El distrito de Guadalupe, parte de la provincia de Pacasmayo, se encuentra en el valle del río Jequetepeque. Aunque Chepén y Guadalupe están cerca, pertenecen a provincias diferentes. La autopista está construida e incluso asfaltada, pero carece de señalización adecuada. A lo largo de la autopista, se encuentran canales de riego, probablemente desviaciones de los ríos GQTP, que sirven para irrigar la región agrícola.

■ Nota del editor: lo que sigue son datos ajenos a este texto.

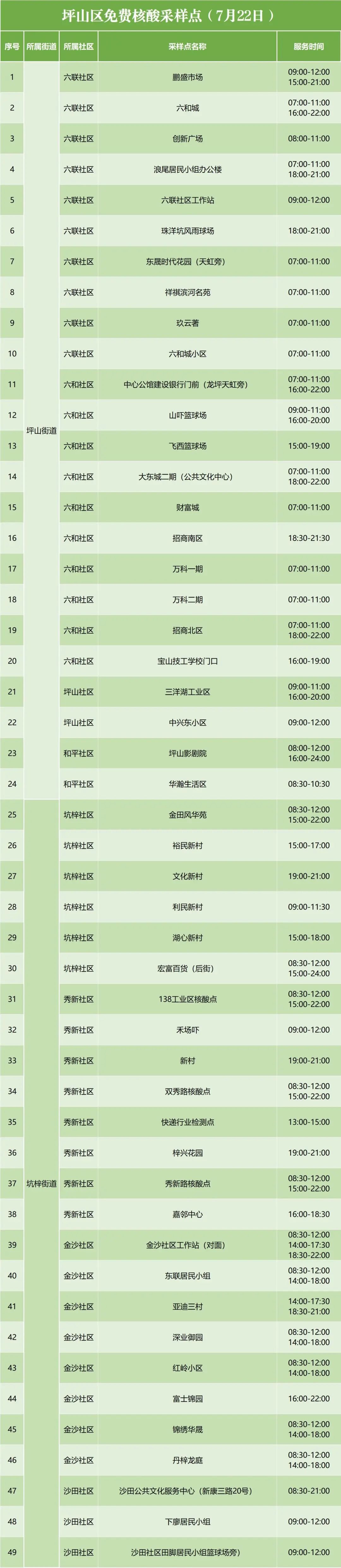 坪山区7月22日免费核酸检测点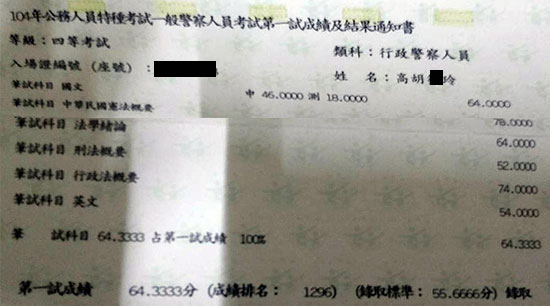 104行政警察四等上榜學員高胡○鈴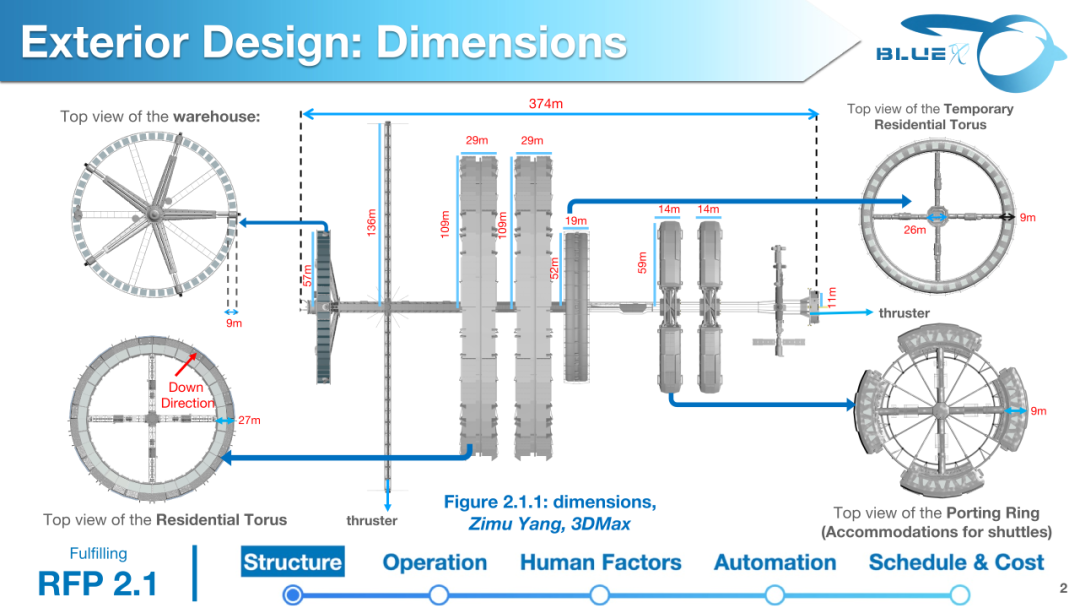 全球顶级航天工程竞赛ISSDC国际太空城市设计大赛，组队备赛报名中！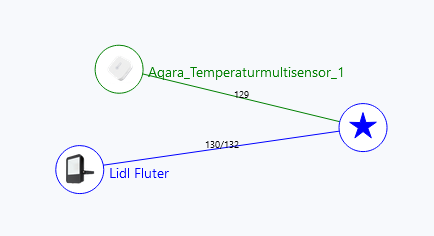 1452cfc5-6402-44f3-b5a3-78eabd85ef0b-grafik.png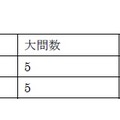 2018年度兵庫県公立高校入試＜理科＞講評　理科（大問数・小問数）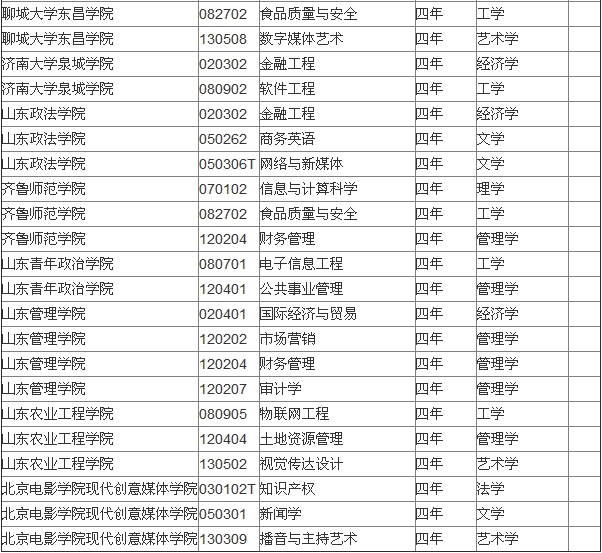 山東省屬高校2014年本科新增備案專業名單6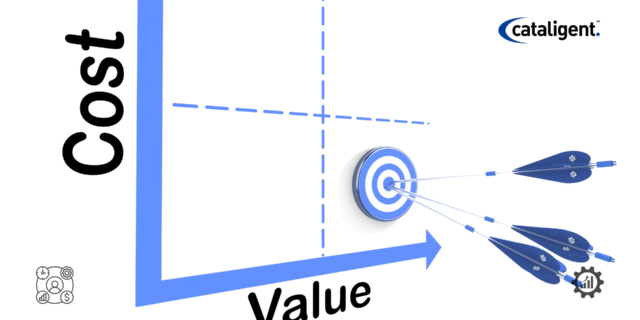 Cost-to-Value Optimization in ITSM: Balancing Efficiency with Innovation
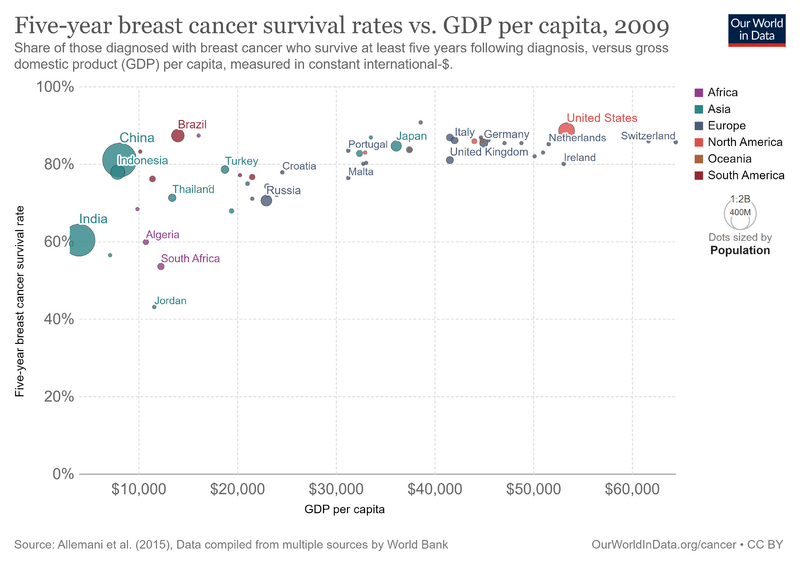 File:Breast-cancer-survival-rates-vs-gdp-per-capita.png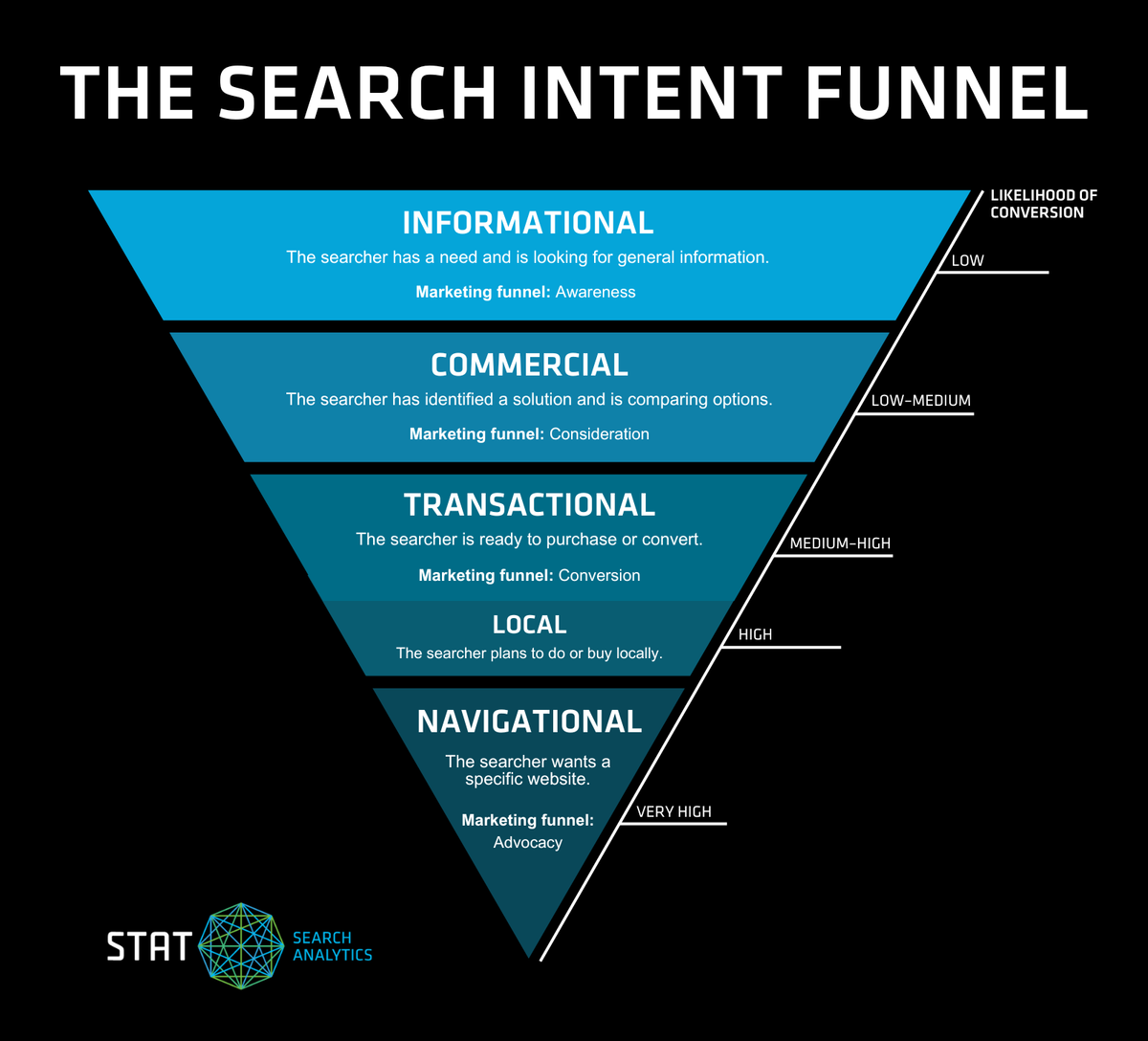 How to track & analyze search intent | STAT Search Analytics related to How to Analyze SERP Intent Before You Write a Page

Cerca de la autopista, una línea de transmisión eléctrica de alta tensión es crucial para el abastecimiento energético del país. A pesar de estar cerrada, hay vehículos, especialmente más pequeños, que utilizan la vía. Puentes sobre el río Loco del Chamán han sido construidos pero aún no terminados, evidenciando la obra inacabada.

La carretera que conecta Guadalupe con Pacasmayo sigue paralela a la nueva autopista, y hay un tramo operativo en doble calzado hasta cerca del pueblo de Mocupe. El valle del Jequetepeque, con su historia de ser una región rociera, alberga estas localidades que esperan la finalización de la Autopista del Sol para mejorar su conectividad y desarrollo.

La falta de culminación de la autopista impacta negativamente en la movilidad y el desarrollo de la región. La presencia de vehículos en la vía no oficialmente permitida demuestra una creciente necesidad de infraestructura. El proyecto, una vez completado, tiene el potencial de mejorar significativamente la movilidad y el acceso a las localidades del departamento de La Libertad.